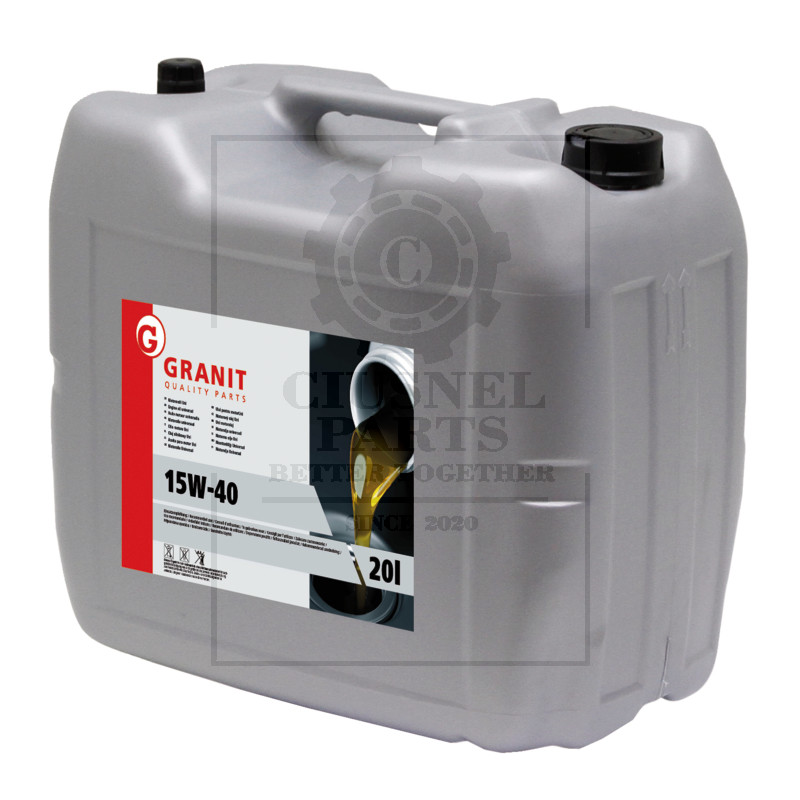 21015W-40 GEB20 ULEI GRANIT 15W40-20L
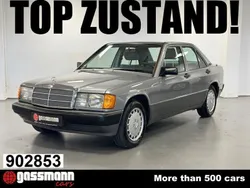 Grau Gebraucht 1990 Mercedes 190 Limousine | 14.900 €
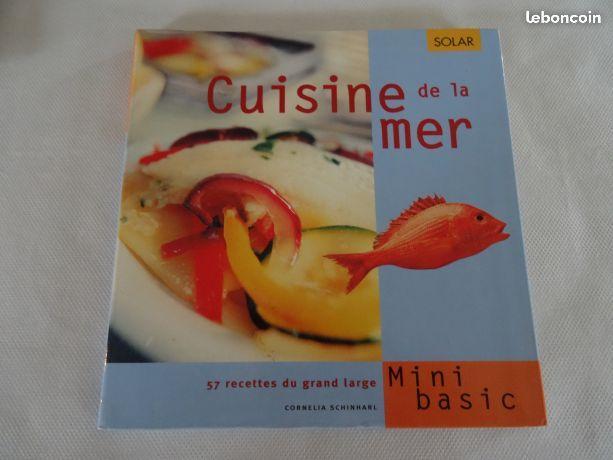 troc de troc livre de recettes "cuisine de la mer" image 0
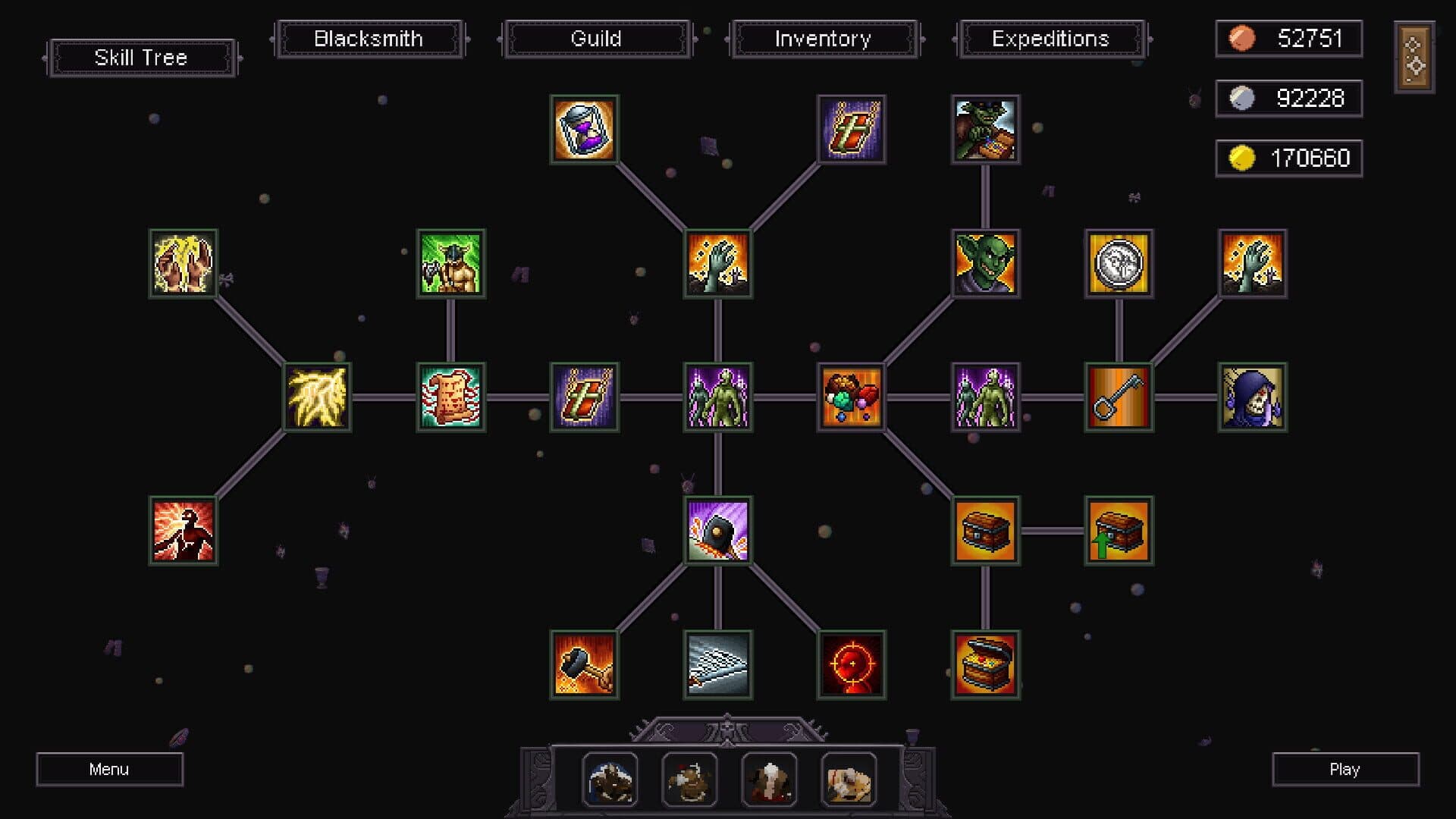 Bones and Coins screenshot 3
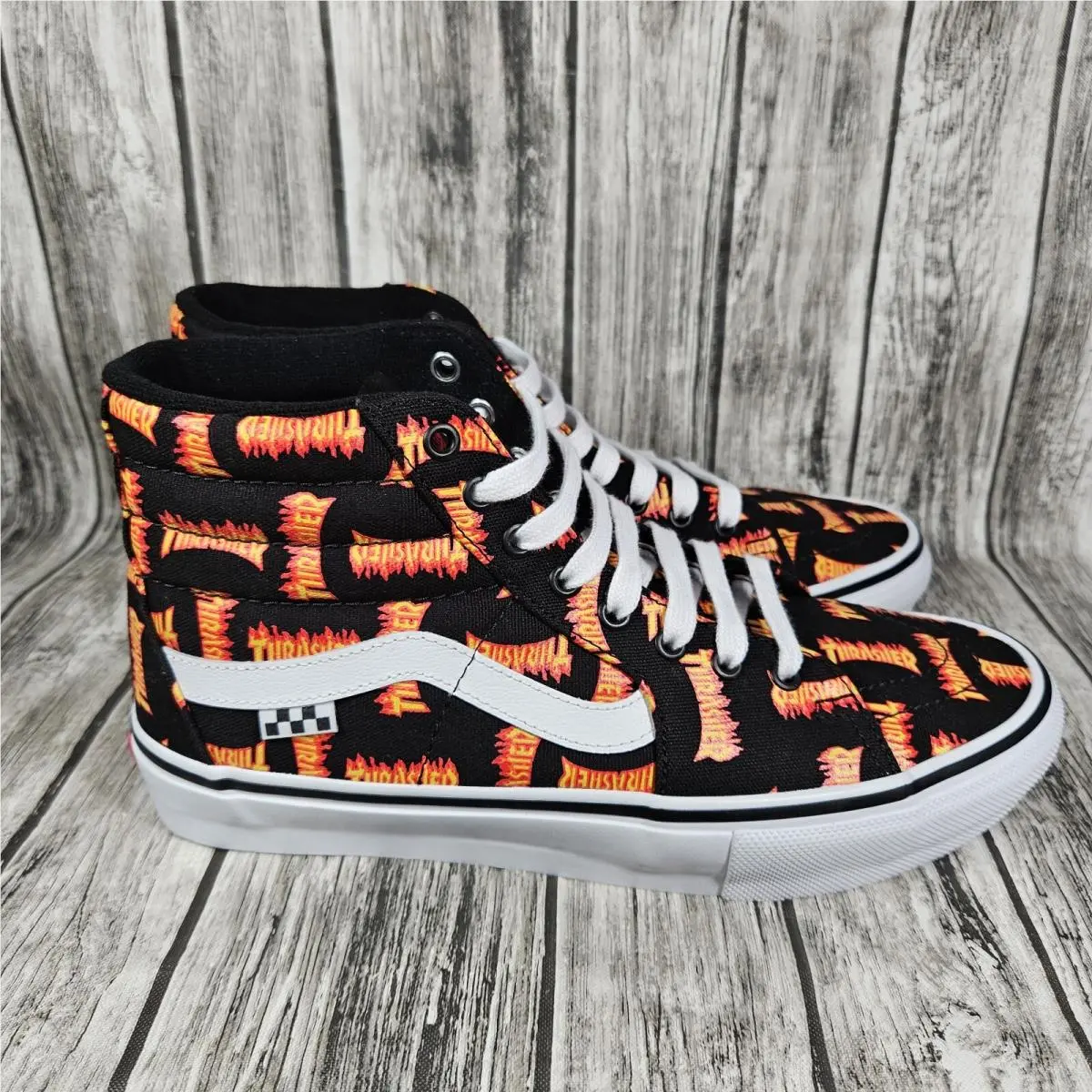 Vans shoes - Vans Thrasher - Thrasher - Multicolor 0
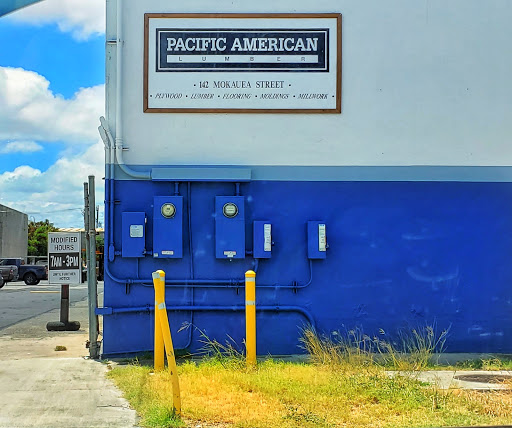 Pacific American Lumber Inc.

> Required action
When you retype the records, keep every word exactly as written and exclude the pictures.

> Answer space
 21015W-40 GEB20 ULEI GRANIT 15W40-20L
 Grau Gebraucht 1990 Mercedes 190 Limousine | 14.900 €
 troc de troc livre de recettes "cuisine de la mer" image 0
 Bones and Coins screenshot 3
 Vans shoes - Vans Thrasher - Thrasher - Multicolor 0
 Pacific American Lumber Inc.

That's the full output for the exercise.